Giving advances on profits in Macau
January 16, 2014 | BY
clpstaff &clp articles &Riquito Advogados
João Nuno Riquito and Ricardo
Vera-Cruz
It has been four years since Law 16/2009 added Section 432-A to the Macau Commercial Code, thus establishing the possibility of limited companies by shares executing advances on account of profits.
Part of the reasoning behind this possibility is the idea of increasing the attractiveness of investments in companies´ share capital. Traditionally, companies can distribute profits once a year, generally in the beginning of the year. However, most jurisdictions allow companies to proceed with the distribution of future profits, although they also set out certain requirements to do this.
In Macau, Section 432-A authorises the distribution of advances on account of profits of the fiscal year provided that: (i) the articles of association establishes this possibility, (ii) the advance is proposed by the board of directors, (iii) a mid-term balance is elaborated, (iv) the mid-term balance demonstrates the existence, at the time of its elaboration, of amounts available for distribution, (v) the mid-term balance is certified by an auditor or an audit firm, (vi) the supervisory board or the sole supervisor expresses a favourable opinion, (vii) the amounts distributed as advances do not exceed half of the amounts available for distribution and, (viii) there is only one advance per fiscal year and only in the second half of the fiscal year. Companies generally face four common problems when proceeding with advances.
Competence
The first problem normally faced by companies is to know who is the corporate body competent to resolve the advance and if there are limitations to this competence.
Section 432-A follows the general rule that the corporate body competent to resolve matters regarding distribution of profits is the shareholders general meeting (Section 100 of the Commercial Code). However, the competence of the general meeting to resolve the distribution of advances on account of profits is subject to a proposal of the board of directors and previous approval by the supervisory board. This means the board of directors must, at their own discretion, propose to the shareholders the execution of an advance and terms of the same, together with the supervisory board or sole supervisor favourable opinion. The shareholders can either accept or reject the proposal, but not modify it.
Profits that can be advanced
The second problem companies face when resolving the distribution of advances is the meaning of profits. What can be considered as profits for the purposes of this Section?

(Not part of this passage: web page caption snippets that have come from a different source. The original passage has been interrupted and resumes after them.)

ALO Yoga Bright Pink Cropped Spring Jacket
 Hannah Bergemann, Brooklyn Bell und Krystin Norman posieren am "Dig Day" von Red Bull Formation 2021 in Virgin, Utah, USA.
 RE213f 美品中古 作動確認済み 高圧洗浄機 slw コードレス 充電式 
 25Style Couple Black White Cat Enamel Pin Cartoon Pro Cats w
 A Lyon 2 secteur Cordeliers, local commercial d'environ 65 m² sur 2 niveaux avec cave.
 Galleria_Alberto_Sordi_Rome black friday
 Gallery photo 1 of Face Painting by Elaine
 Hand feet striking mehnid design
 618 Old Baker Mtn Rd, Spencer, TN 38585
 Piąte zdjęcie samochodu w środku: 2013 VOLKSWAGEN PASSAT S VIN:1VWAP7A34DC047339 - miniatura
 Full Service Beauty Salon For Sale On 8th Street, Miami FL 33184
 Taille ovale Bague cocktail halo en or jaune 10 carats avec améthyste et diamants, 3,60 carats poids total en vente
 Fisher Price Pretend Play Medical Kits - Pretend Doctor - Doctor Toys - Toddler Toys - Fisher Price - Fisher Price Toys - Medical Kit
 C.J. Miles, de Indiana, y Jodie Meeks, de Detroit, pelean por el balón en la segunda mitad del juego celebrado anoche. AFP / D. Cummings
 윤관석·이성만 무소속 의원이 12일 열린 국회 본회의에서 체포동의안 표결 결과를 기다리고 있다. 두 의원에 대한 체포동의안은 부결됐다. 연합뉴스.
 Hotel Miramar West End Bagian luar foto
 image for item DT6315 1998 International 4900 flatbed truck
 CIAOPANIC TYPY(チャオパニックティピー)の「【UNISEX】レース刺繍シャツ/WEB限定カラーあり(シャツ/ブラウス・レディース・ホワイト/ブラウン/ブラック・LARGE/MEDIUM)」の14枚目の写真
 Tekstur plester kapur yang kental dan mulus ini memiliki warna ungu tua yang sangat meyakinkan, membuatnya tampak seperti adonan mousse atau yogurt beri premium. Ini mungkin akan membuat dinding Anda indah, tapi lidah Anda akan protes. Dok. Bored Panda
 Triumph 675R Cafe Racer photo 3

Two simple observations can answer this question. First, one can only advance future profits. Past profits that were not distributed cannot be advanced but, only distributed. Second, subparagraph b) of paragraph 1 of Section 432-A specifically states that the mid-term balance should take into account, when demonstrating the existence of amounts available for distribution, the results recorded during the elapsed period of the fiscal year of the advance. Therefore the profits available for advances are the ones recorded in the fiscal year of the advance.
However, not all the profit of the fiscal year can be paid in advance to shareholders. In fact, Section 432-A establishes two limitations. First, the amounts considered available in the mid-term balance must respect the imperative rule that the advance can only take place if after its execution the company´s net worth does not become inferior to the sum of the aggregate amount of share capital, legal and mandatory statutory reserves. Second, only half of the amount considered available in the mid-term balance can be distributed as advances on account of profits.
The mid-term balance
The third problem faced by companies concerns the mid-term balance deadline.
The law determines that it must be executed within 30 days, but does not make clear the date from which it starts counting. Attending to the letter of the Law, the mid-term balance must be drafted up to 30 days prior to the shareholders resolution. Although the solution is not optimal – it creates time constrains to the resolution – is the most adequate according to the letter of the Law.
Lack of profits
The last problem we will address is the legal consequences for the verification, on the annual accounts, of the inexistence of profits and/or the existence of losses.
The answer to the question of whether the shareholders have to refund the company in case there are no profits at the end of the fiscal year is surely one of the main concerns of shareholders and is a perfectly understandable concern. The answer is that they are unlikely to have to make a refund.
The Commercial Code protects shareholders that have received amounts from the company as profits, determining that shareholders do not have to return amounts received in breach of the law if they did not know of the irregularity and, according to the circumstances, did not have an obligation to know of it. Since the advance is proposed by the board of directors, with the favourable opinion of the supervisory board, it is unlikely that the shareholders will be forced to return the amounts received to the company.